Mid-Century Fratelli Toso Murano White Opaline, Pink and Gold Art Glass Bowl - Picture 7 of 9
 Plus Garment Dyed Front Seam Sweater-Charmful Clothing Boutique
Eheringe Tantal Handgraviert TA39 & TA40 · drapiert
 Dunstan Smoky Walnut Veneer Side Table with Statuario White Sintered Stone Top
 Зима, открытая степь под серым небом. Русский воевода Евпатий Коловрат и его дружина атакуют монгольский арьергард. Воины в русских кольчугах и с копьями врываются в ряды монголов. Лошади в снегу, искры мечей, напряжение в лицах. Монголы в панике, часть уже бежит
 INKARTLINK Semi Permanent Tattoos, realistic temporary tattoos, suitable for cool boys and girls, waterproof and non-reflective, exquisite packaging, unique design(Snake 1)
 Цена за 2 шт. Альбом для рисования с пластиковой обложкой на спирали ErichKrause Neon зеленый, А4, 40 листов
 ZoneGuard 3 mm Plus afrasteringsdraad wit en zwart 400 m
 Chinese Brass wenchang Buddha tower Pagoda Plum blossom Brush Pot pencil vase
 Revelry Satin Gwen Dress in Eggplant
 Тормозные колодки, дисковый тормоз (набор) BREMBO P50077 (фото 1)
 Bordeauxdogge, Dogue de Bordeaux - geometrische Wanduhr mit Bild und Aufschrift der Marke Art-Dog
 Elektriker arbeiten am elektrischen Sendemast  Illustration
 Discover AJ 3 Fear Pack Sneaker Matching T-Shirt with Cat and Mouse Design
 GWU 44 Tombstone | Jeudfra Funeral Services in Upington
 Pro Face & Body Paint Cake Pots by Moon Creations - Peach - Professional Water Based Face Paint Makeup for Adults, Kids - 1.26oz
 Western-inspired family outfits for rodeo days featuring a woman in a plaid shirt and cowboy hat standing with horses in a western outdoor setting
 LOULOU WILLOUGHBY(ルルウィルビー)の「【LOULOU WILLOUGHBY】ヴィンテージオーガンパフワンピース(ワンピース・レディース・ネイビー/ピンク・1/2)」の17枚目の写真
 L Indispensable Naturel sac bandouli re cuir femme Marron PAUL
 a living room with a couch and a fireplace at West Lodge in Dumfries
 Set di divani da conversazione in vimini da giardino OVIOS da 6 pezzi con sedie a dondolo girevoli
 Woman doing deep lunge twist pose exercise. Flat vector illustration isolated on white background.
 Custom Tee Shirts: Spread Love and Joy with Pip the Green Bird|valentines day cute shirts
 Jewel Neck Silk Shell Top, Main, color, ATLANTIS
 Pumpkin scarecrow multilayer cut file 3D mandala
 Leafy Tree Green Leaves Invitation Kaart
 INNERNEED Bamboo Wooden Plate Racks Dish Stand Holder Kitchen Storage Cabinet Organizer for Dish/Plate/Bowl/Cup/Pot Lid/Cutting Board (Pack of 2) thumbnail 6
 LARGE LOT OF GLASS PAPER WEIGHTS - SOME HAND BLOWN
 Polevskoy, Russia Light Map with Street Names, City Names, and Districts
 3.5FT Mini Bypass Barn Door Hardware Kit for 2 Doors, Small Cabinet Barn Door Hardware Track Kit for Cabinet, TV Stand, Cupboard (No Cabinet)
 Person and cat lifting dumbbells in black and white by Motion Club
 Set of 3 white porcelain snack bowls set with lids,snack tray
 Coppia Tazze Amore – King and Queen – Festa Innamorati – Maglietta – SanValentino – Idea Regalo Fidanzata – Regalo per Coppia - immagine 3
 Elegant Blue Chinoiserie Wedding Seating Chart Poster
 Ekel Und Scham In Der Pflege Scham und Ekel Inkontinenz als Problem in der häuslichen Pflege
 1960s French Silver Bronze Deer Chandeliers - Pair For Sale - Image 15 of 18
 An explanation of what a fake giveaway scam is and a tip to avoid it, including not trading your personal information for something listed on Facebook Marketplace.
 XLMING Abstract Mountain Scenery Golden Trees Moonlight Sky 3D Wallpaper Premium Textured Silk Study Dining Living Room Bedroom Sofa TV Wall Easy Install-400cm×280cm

* WHAT THE EXERCISE ASKS:
Go through the material above, find each line with the string "Green", and copy it.

* SOLUTION FOR THIS PROBLEM:
 Custom Tee Shirts: Spread Love and Joy with Pip the Green Bird|valentines day cute shirts
 Leafy Tree Green Leaves Invitation Kaart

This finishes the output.